Au début de l’histoire nous sommes en Roumanie post-communiste, dans le petit village de Rãdeni, près de la frontière avec la Moldavie, ravagé par le chômage et la pauvreté. Un matin, Manuel, seize ans, et sa grande sœur Angelica, vingt-quatre ans, découvrent que leur mère, Daniela 47 ans, les a quittés en pleine nuit, sans en parler à personne. Elle est partie en autobus en Italie, à Milan où elle a trouvé du travail comme assistante de vie.

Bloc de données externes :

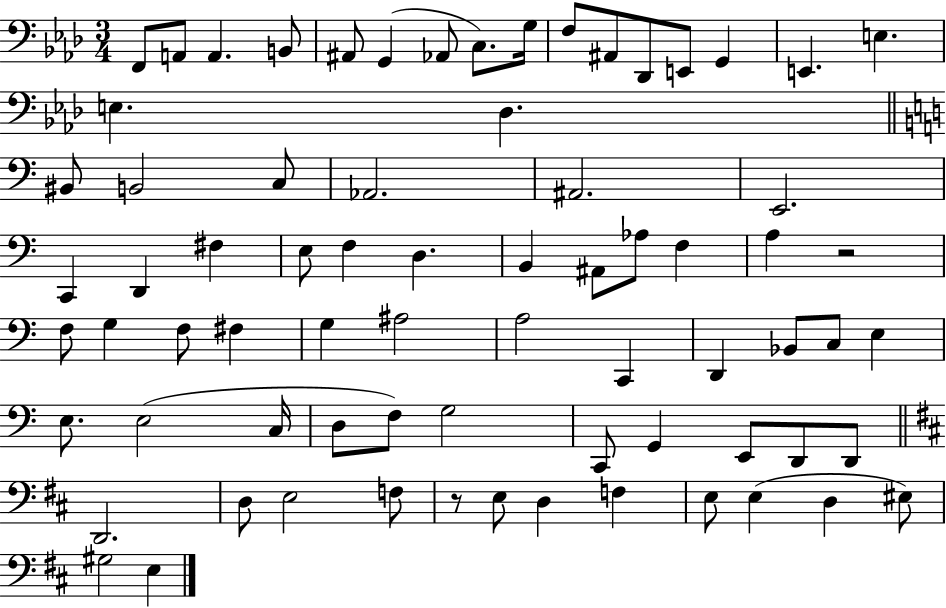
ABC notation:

En effet, avec Filip son mari qui est aussi au chômage, elle n’avait d’autre choix que de se sacrifier pour aider sa famille à vivre, pouvoir financer les études de ses deux enfants et les travaux de rénovation de leur vieille maison. Le jeune Manuel supporte très mal cette situation, d’autant plus que bientôt c’est aussi son père, Filip, qui s’en va exercer le métier de chauffeur de camion en Pologne, et Angelica qui part suivre des études à l’université. Manuel, - malgré la nouvelle et relative aisance matérielle offerte par l’exil forcé de leur mère -, souffre de plus en plus de l’absence de celle-ci et se sent abandonné de tous… Très vite, entraîné par ses mauvaises fréquentations, Manuel «tourne mal»!..

L'adolescent ne trouve du réconfort et de l’affection qu’après de Papy Mihai, son grand-père maternel, qui l’initie aux métiers manuels, au jardinage et a l’agriculture. Malheureusement, ce dernier meurt de façon inattendue…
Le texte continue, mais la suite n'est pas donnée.